The Transfer Agent represents and warrants that, to the best of its
knowledge, the various procedures and systems which the Transfer Agent has
implemented or will implement with regard to safeguarding from loss or damage
attributable to fire, theft, or any other cause (including provision for 24
hours-a-day restricted access) of the Fund's records and other data and the
Transfer Agent's records, data, equipment, facilities, and other property used
in the performance of its obligations hereunder are adequate and that it will
make such changes therein from time to time as in its judgment are required for
the secure performance of its obligations hereunder. The parties shall review
such systems and procedures on a periodic basis.
19. Miscellaneous.
(a) Any notice or other instrument authorized or required by this Agreement
to be given in writing to the Fund or the Transfer Agent shall be sufficiently
given if addressed to that party and received by it at its office set forth
below or at such other place as it may from time to time designate in writing.
9
<PAGE>
To the Fund:
ND Insured Income Fund, Inc.
201 South Broadway
Minot, ND 58701
To the Transfer Agent:
First American Bank West
20 First Street SW
Minot, ND 58701
(b) This Agreement shall extend to and shall be binding upon the parties
hereto, and their respective successors and assigns; provided, however, that
this Agreement shall not be assignable by the Fund without the written consent
of the other party.
(c) This Agreement shall be construed in accordance with the laws of the
State of North Dakota.
(d) This Agreement may be executed in any number of counterparts, each of
which shall be deemed to be an original; but such counterparts shall, together,
constitute only one instrument.
(e) The captions of this Agreement are included for convenience of
reference only and in no way define or delimit any of the provisions hereof or
otherwise affect their construction or effect.

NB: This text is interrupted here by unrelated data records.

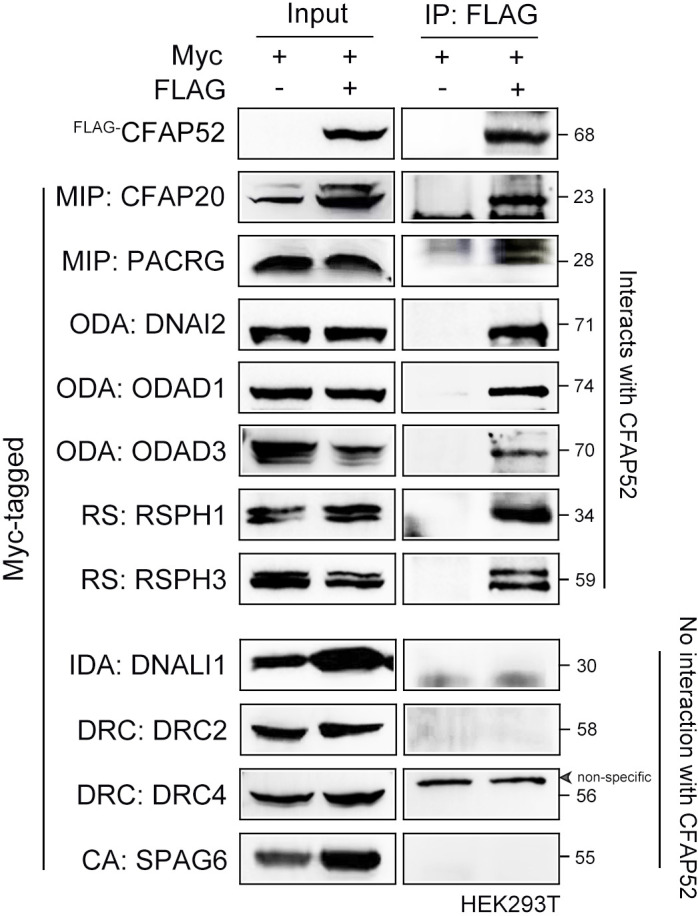 Figure 7—figure supplement 1.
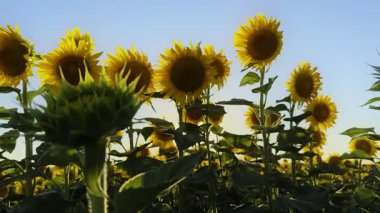 Altın sarısı ayçiçeği tarlada sıcak güneş ışığında.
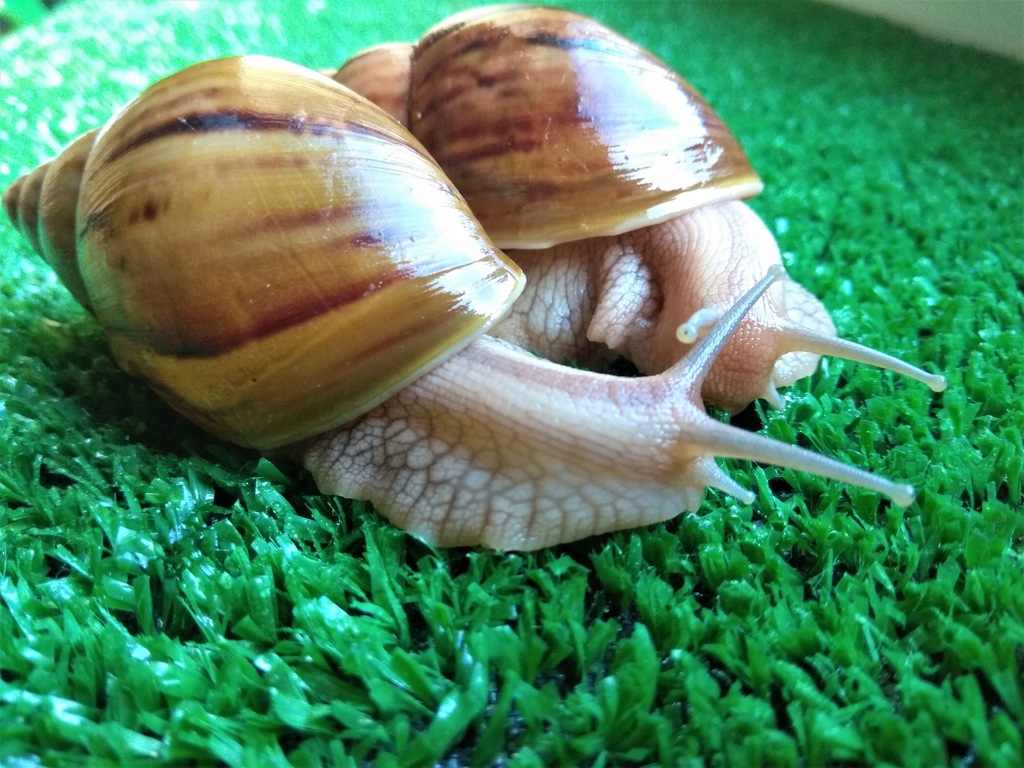 Achatina immaculata var. panthera - 6 cm.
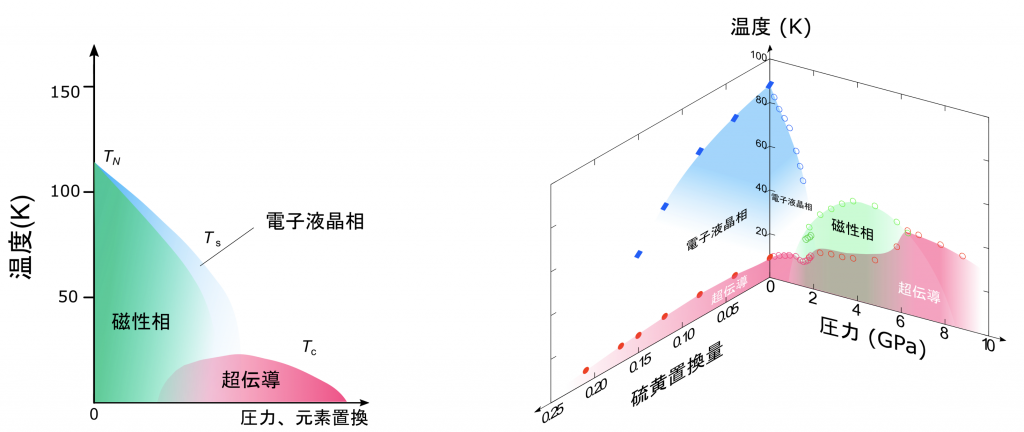 (図1) 左:縦軸を温度、横軸を圧力や元素の置換量にとったときに一般的に鉄系超伝導体で実現する状態をマッピングした図(電子状態相図)。電子液晶状態と磁性がほぼ同じ領域で発現するため、どちらが超伝導に寄与しているか明らかではない。右:本研究の動機となったセレン化鉄の硫黄置換した時の状態の変化と加圧したときの状態の変化。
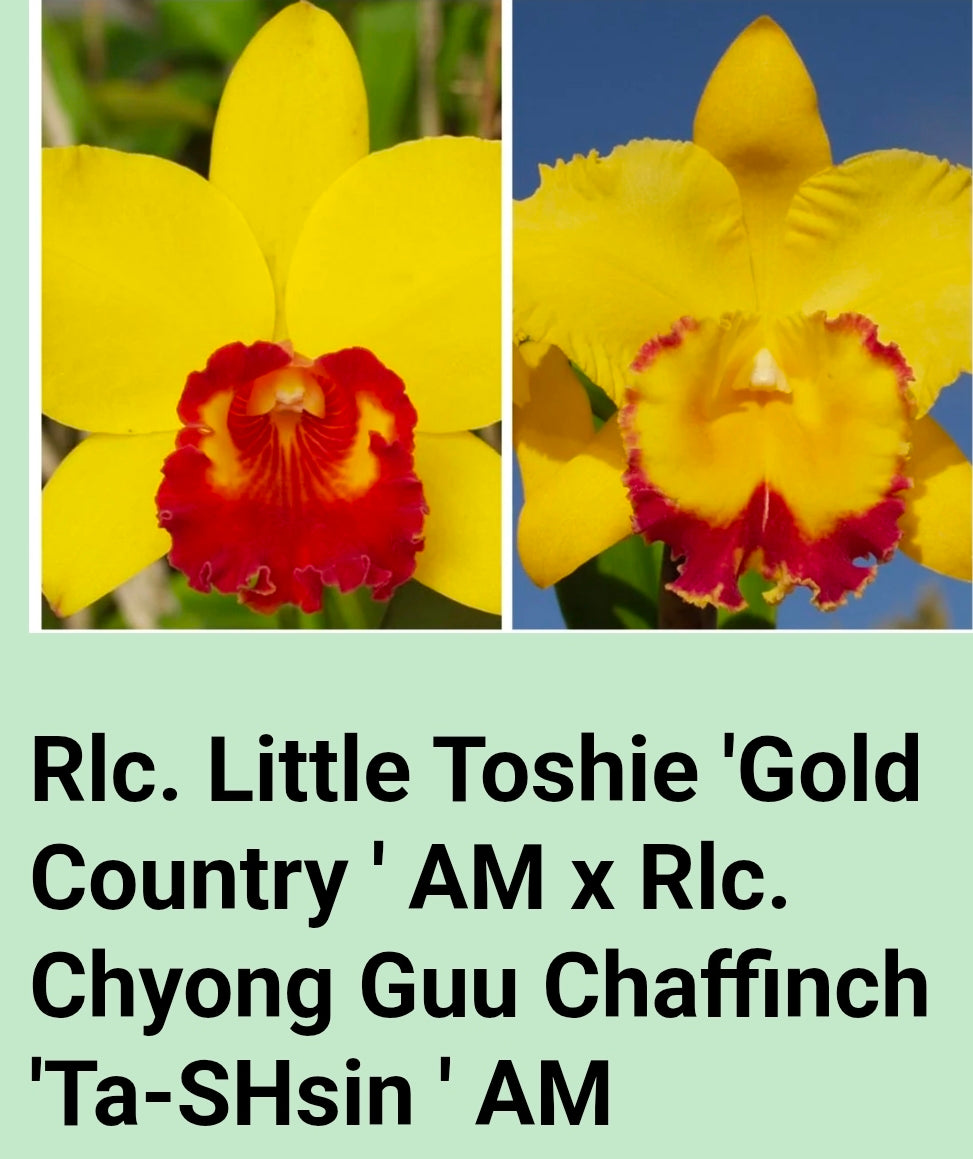 Rlc Little Toshie x Chyong Guu Chaffinch. Near blooming size compact growing cattleya.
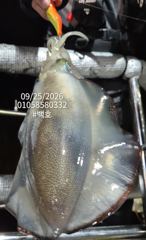 팁런무늬무니무니~~내일부터 쭉 예약가능 사진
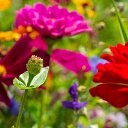  , , 52  -  11  2019     2019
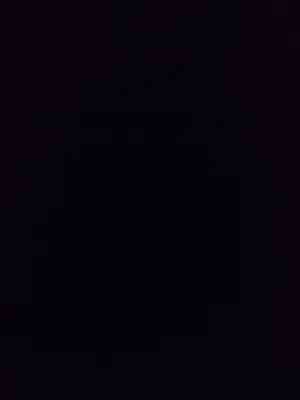 دانيه عرفان إبراهيم نعنيش 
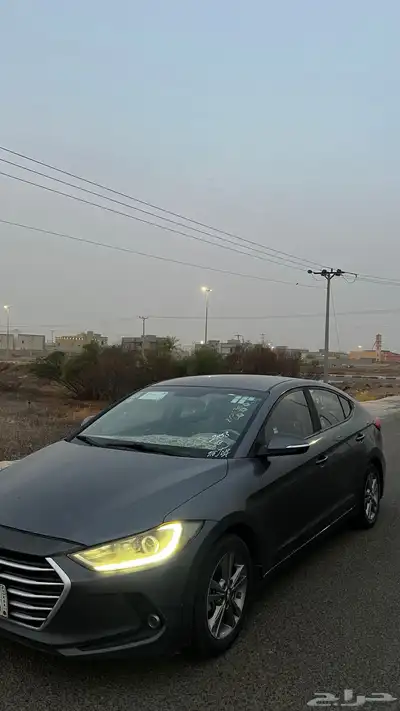 النترا 2017 نص فل 12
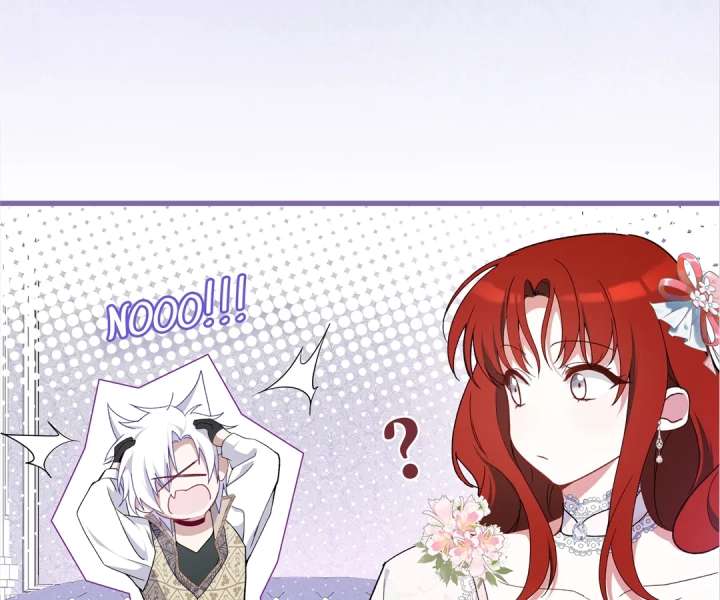 ch 42 81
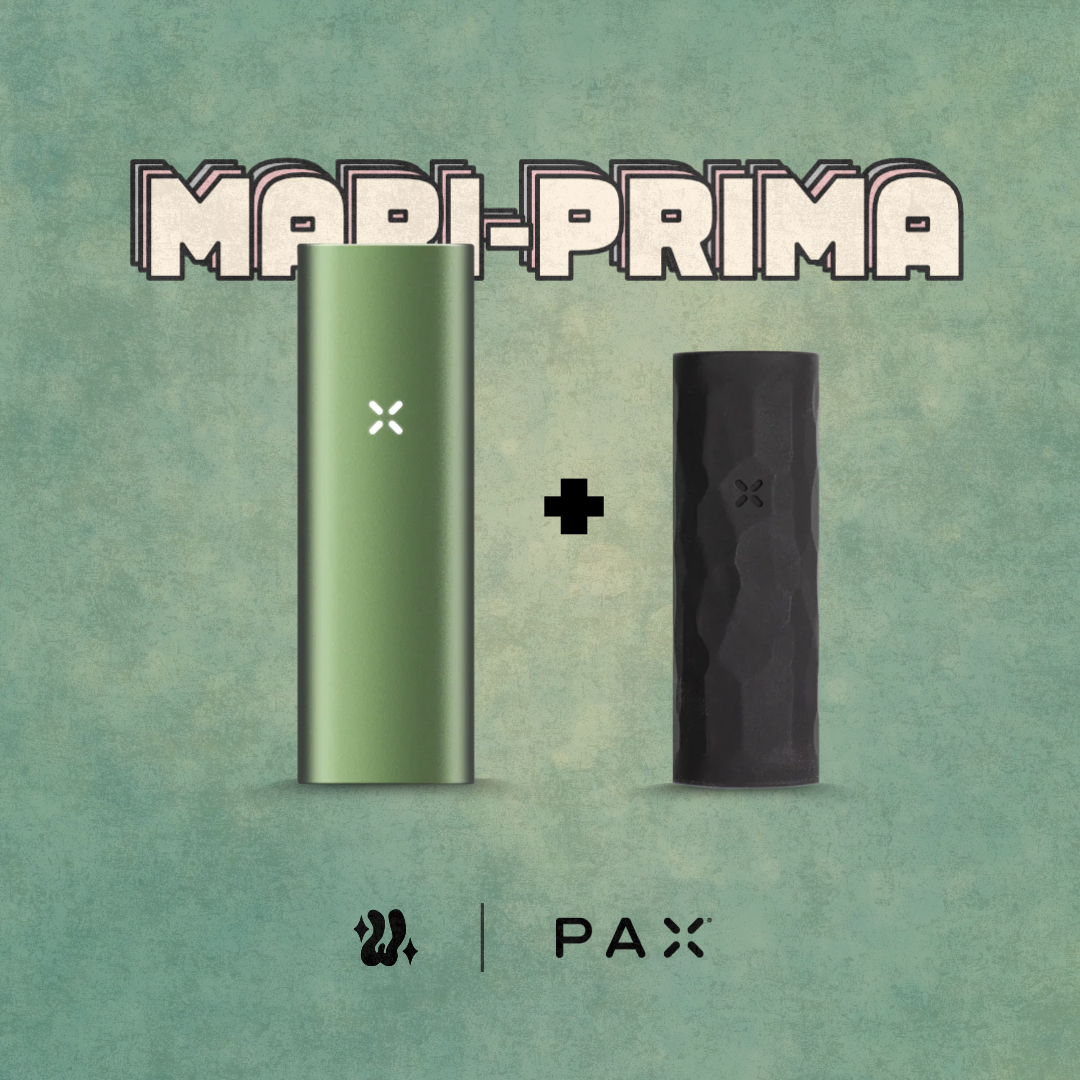 Kit Pax Mini + Funda en silicona | PAX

20. Liability of Directors, Officers, and Shareholders.
----------------------------------------
The execution and delivery of this Agreement have been authorized by
the Directors of the Fund and signed by an authorized Officer of the Fund,
acting as such, and neither such authorization by such Directors nor such
execution and delivery by such Officer shall be deemed to have been made by any
of them individually or to impose any liability on any of them personally, and
the obligations of this Agreement are not binding upon any of the Directors or
Shareholders of the Fund, but bind only the property of the Fund.
10
<PAGE>
IN WITNESS WHEREOF, the parties hereto have caused this Agreement to be
executed by their respective corporate officers thereunder duly authorized as of
the day and year first above written.
ND INSURED INCOME FUND, INC.
By /Robert E. Walstad/
Date 1-8-91
Agreed and Accepted by:
FIRST AMERICAN BANK WEST
By signature
Date 1-8-91
11
<PAGE>
SCHEDULE B
DUTIES OF THE TRANSFER AGENT
----------------------------
(See Exhibit 1 for Summary of Services)
1. Shareholder Information.
The Transfer Agent shall maintain a record of the number of Shares
held by each holder of record which shall include their addresses and taxpayer
identification numbers and which shall indicate whether such Shares are held in
certificated or uncertificated form.
2. Shareholder Services.
The Transfer Agent will investigate all Shareholder inquiries relating
to Shareholder accounts and will answer all correspondence from Shareholders and
others relating to its duties hereunder and such other correspondence as may
from time to time be mutually agreed upon between the Transfer Agent and the
Fund. The Transfer Agent shall keep records of Shareholder correspondence and
replies thereto and of the lapse of time between the receipt of such
correspondence and the mailing of such replies.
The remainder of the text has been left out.